__Your goal__. Starting with the line that has "Juego de 3 mochilas" in the records below and ending with the line that has "ชุดเสื้อคลุมอาบน้ําโรงแรมและสปาผ้าฝ้ายปักนุ่มหรูหรา - Product", output those lines exactly and nothing more; omit the pictures.

__Material provided__.
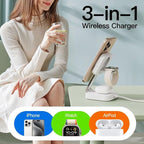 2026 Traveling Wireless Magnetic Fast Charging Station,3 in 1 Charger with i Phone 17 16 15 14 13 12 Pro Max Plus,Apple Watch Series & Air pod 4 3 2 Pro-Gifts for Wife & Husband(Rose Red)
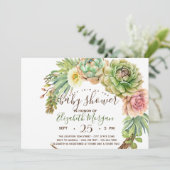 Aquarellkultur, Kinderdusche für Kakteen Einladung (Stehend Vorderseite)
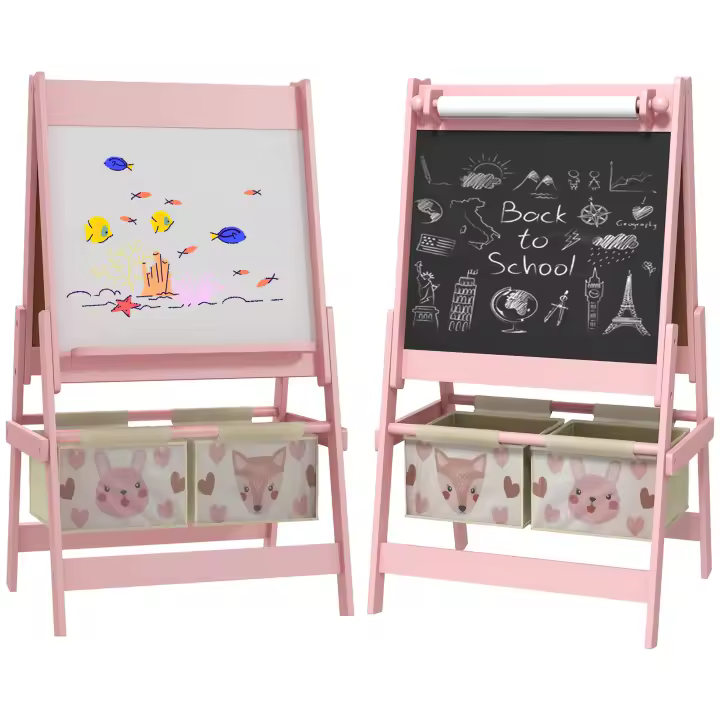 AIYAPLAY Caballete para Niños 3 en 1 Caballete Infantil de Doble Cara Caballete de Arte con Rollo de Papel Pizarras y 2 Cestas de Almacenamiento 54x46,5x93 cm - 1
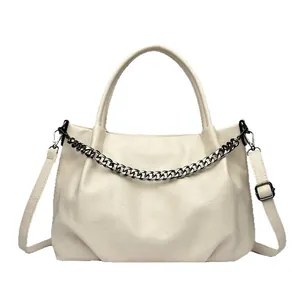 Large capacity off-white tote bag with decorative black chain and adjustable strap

==

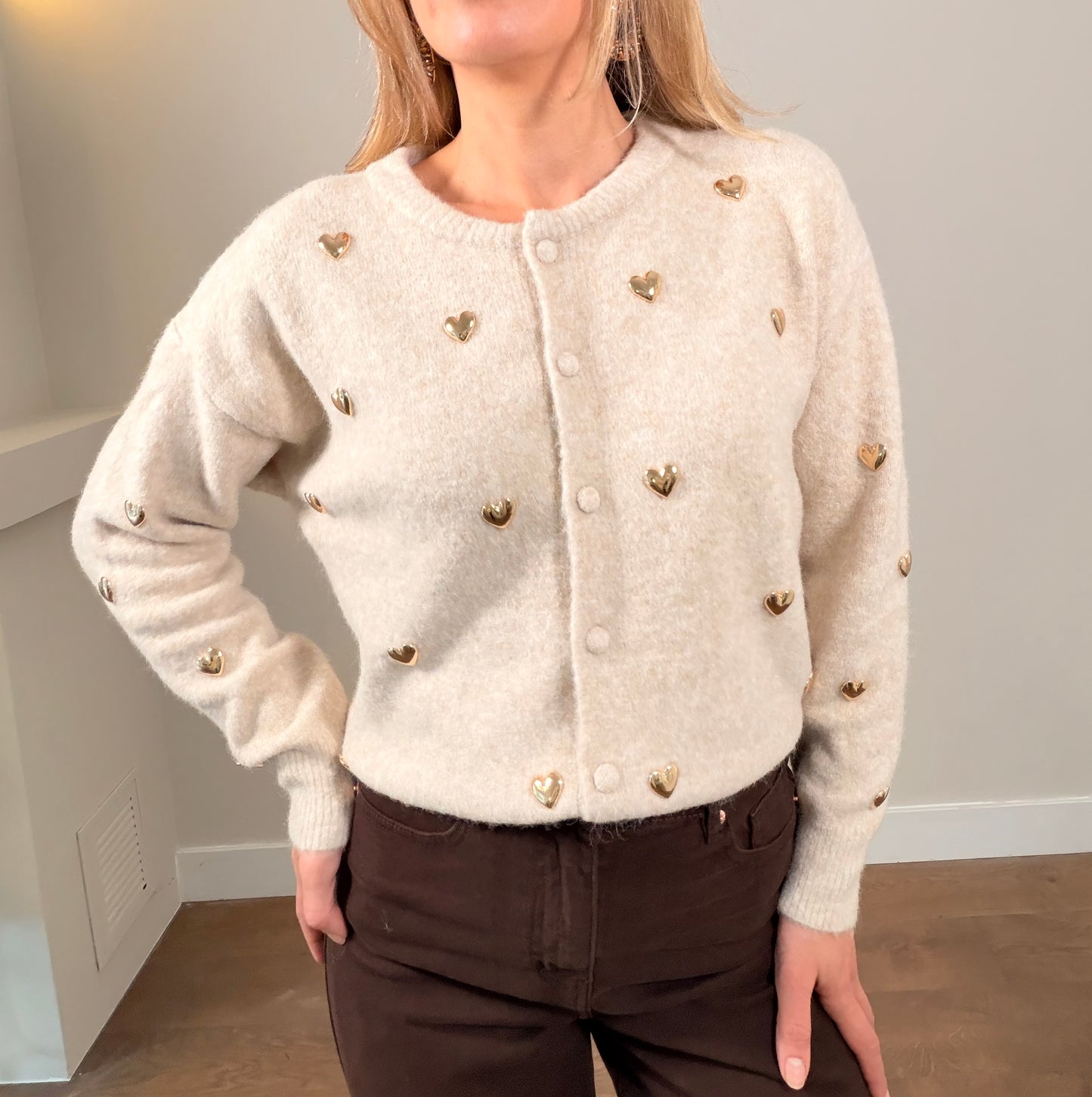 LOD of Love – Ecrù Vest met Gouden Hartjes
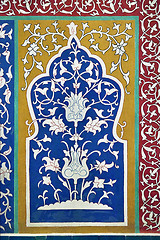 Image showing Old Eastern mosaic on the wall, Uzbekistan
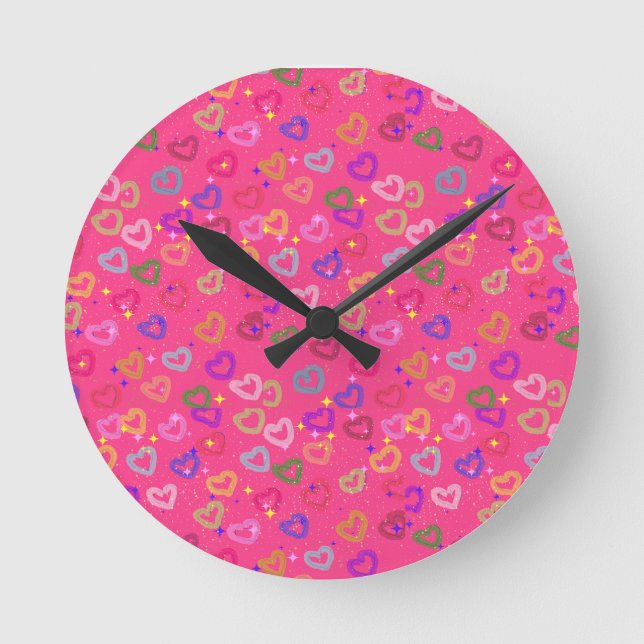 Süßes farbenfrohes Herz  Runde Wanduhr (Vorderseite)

* * *

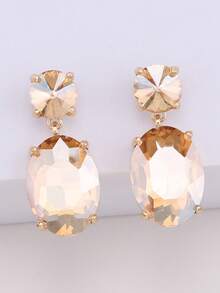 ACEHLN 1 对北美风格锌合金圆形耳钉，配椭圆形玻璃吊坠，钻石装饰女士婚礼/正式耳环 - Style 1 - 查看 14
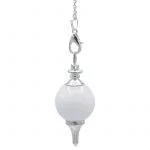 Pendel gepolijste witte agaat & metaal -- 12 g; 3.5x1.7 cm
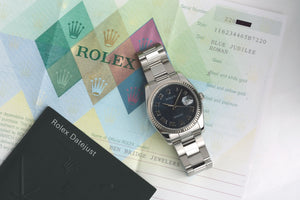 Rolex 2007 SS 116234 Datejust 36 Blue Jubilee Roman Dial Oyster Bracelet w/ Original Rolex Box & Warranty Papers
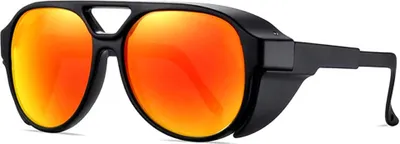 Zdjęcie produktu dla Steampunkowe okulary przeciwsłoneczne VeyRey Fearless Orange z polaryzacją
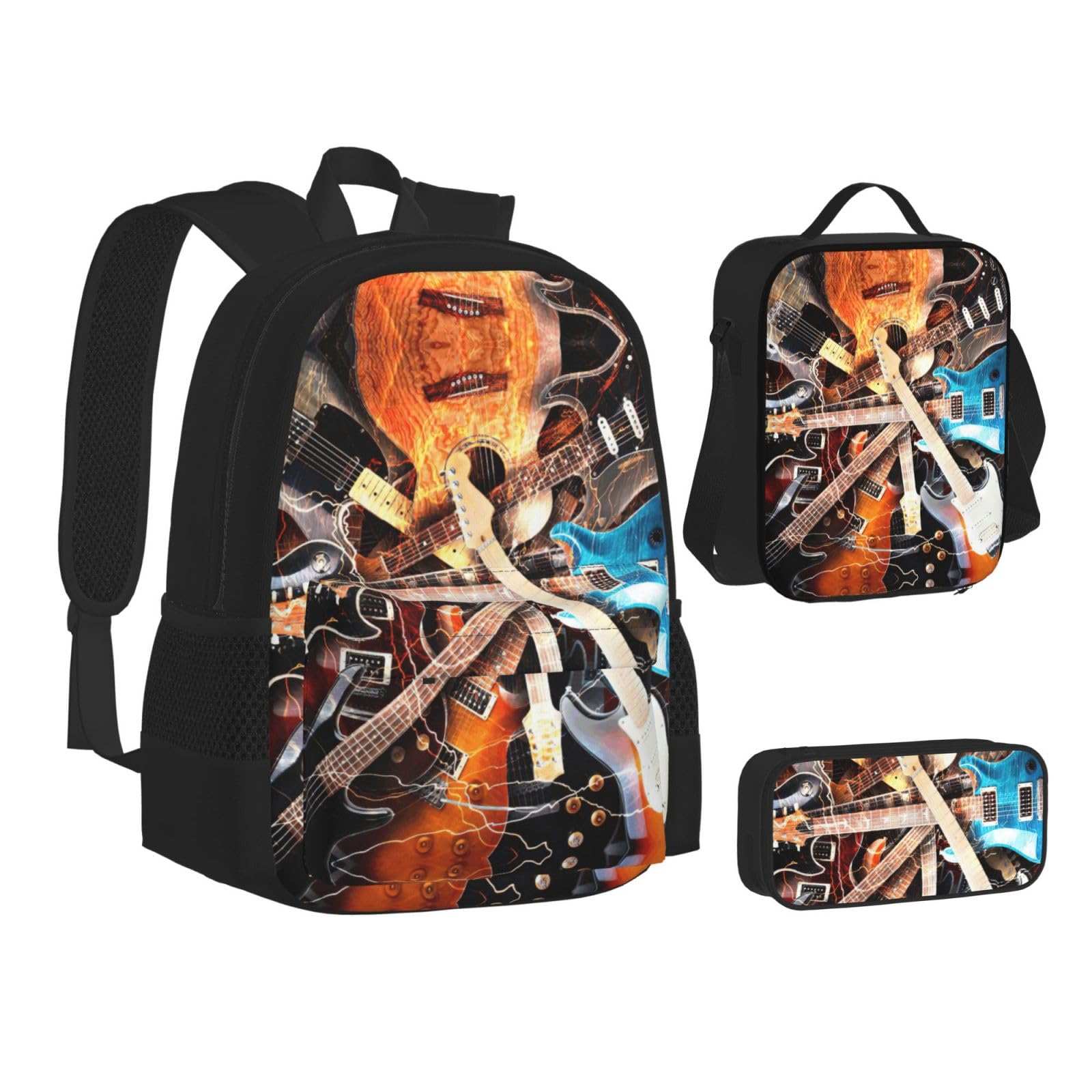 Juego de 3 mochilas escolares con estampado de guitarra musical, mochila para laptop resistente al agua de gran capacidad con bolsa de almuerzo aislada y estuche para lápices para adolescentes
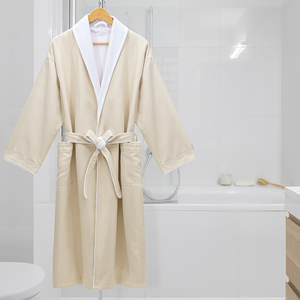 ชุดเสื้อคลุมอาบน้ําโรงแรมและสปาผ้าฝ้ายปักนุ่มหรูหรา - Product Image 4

__Result of this task__.
 Juego de 3 mochilas escolares con estampado de guitarra musical, mochila para laptop resistente al agua de gran capacidad con bolsa de almuerzo aislada y estuche para lápices para adolescentes
 ชุดเสื้อคลุมอาบน้ําโรงแรมและสปาผ้าฝ้ายปักนุ่มหรูหรา - Product Image 4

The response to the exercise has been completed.